-------- Supplied data

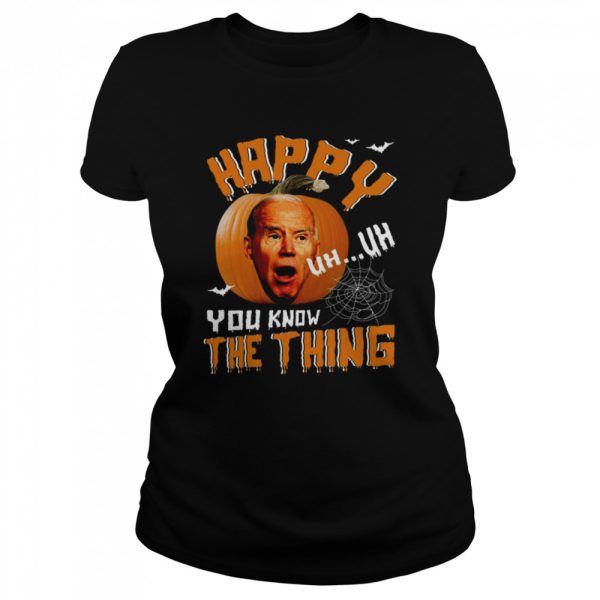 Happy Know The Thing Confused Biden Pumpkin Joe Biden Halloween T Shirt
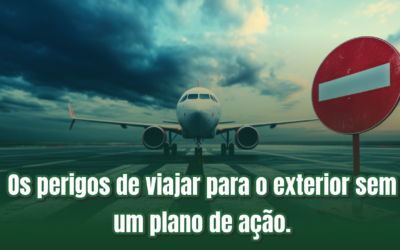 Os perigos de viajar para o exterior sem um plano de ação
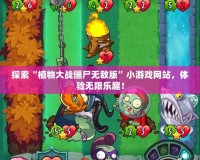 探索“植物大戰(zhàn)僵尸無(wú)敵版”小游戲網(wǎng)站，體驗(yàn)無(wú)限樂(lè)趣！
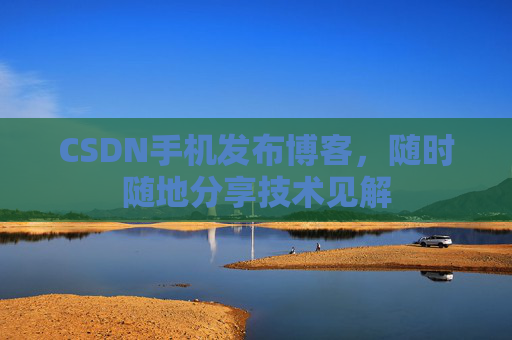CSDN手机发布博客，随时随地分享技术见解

----------------

== What needs to be done ==
With the images excluded, reproduce the data above precisely as written.

== Expected answer ==
 Happy Know The Thing Confused Biden Pumpkin Joe Biden Halloween T Shirt
 Os perigos de viajar para o exterior sem um plano de ação
 探索“植物大戰(zhàn)僵尸無(wú)敵版”小游戲網(wǎng)站，體驗(yàn)無(wú)限樂(lè)趣！
CSDN手机发布博客，随时随地分享技术见解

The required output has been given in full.